Lingxi Chenyang: Carbon offsets should also make communities more resilient to climate change

Planting trees can help neighborhoods with climate resilience.

(Francisco Kjolseth | The Salt Lake Tribune) Salt Lake City Mayor Erin Mendenhall, center, is joined by the city’s urban forestry team and third graders from Meadowlark Elementary to plant the 1,000th west-side tree of the year on Wednesday, Oct. 26, 2022.

John Oliver, host of the popular show Last Week Tonight, has claimed Apple and other “giant corporations” are buying carbon offsets to “green things up.” Offsets essentially let polluters neutralize their emissions by paying someone else to remove carbon dioxide, usually by planting trees or protecting forests.

“The level of carbon dioxide in the atmosphere is now higher than ever in human history” but, Oliver warned, “we cannot offset our way out of climate change.”

Oliver and many other critics of offsets are overlooking a critical opportunity: Carbon offsets can also make communities more resilient to climate change.

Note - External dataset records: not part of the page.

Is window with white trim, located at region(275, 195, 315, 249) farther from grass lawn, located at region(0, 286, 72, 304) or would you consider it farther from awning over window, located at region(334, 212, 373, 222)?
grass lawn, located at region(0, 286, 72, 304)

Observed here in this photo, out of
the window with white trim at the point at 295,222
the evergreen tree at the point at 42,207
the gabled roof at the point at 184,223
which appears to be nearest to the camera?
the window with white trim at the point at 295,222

We do need to decarbonize the economy quickly and aggressively to avoid the worst-case scenarios associated with climate change. But carbon dioxide lasts for centuries, if not millennia, in the atmosphere. The next few generations will need to adapt to unavoidable climate changes before seeing any benefits from efforts taken now. That means more record-breaking droughts in the West, devastating hurricanes in Florida and Puerto Rico, and blackout-inducing cold snaps like we’ve experienced this winter, which have led to the deaths of more than 30 people across multiple states.

Poor, Indigenous and minority communities will suffer the brunt of these harms in the United States. Developing countries will suffer the burden globally. Carbon offsets intentionally aimed at boosting community resiliency could help reduce the impact now, as well as into the future.

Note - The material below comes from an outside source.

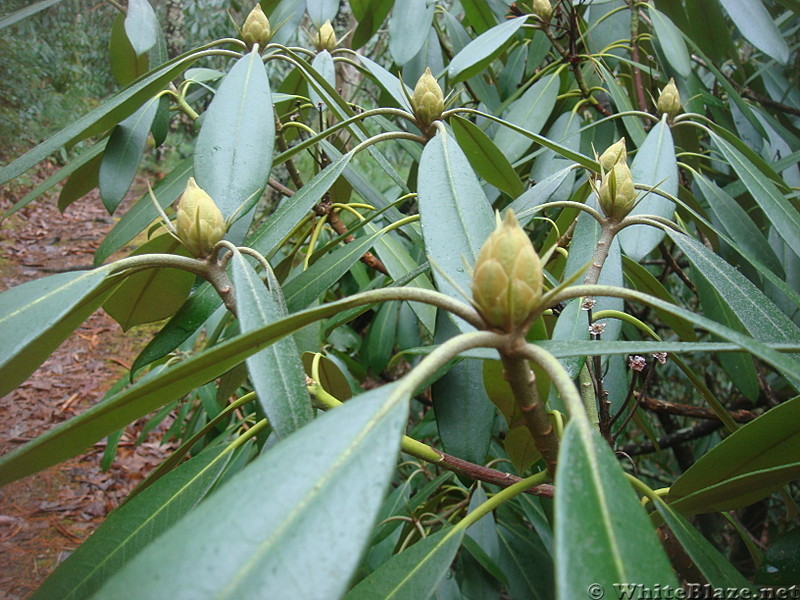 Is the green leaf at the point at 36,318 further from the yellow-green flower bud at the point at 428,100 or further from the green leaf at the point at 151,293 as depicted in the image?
the yellow-green flower bud at the point at 428,100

Take mangrove trees. Mangroves grow along warm coastlines and store three times more carbon than rainforests per acre. They prevented $1.5 billion in property damage in Florida during Hurricane Irma in 2017.

Or fruit and nut trees. Planted on just 10% of farmland in the U.S., these trees could store more than 30% of national emissions, according to a 2012 study by researchers from the University of Missouri. They also protect crops against heat waves and floods, while potentially giving farmers a backup revenue source during bad crop seasons.

Urban trees cool neighborhoods during dangerous heat waves, saving lives. Low-income neighborhood blocks with fewer trees can feel up to 20 degrees Fahrenheit hotter than high-income blocks with more trees in the same city. The list goes on.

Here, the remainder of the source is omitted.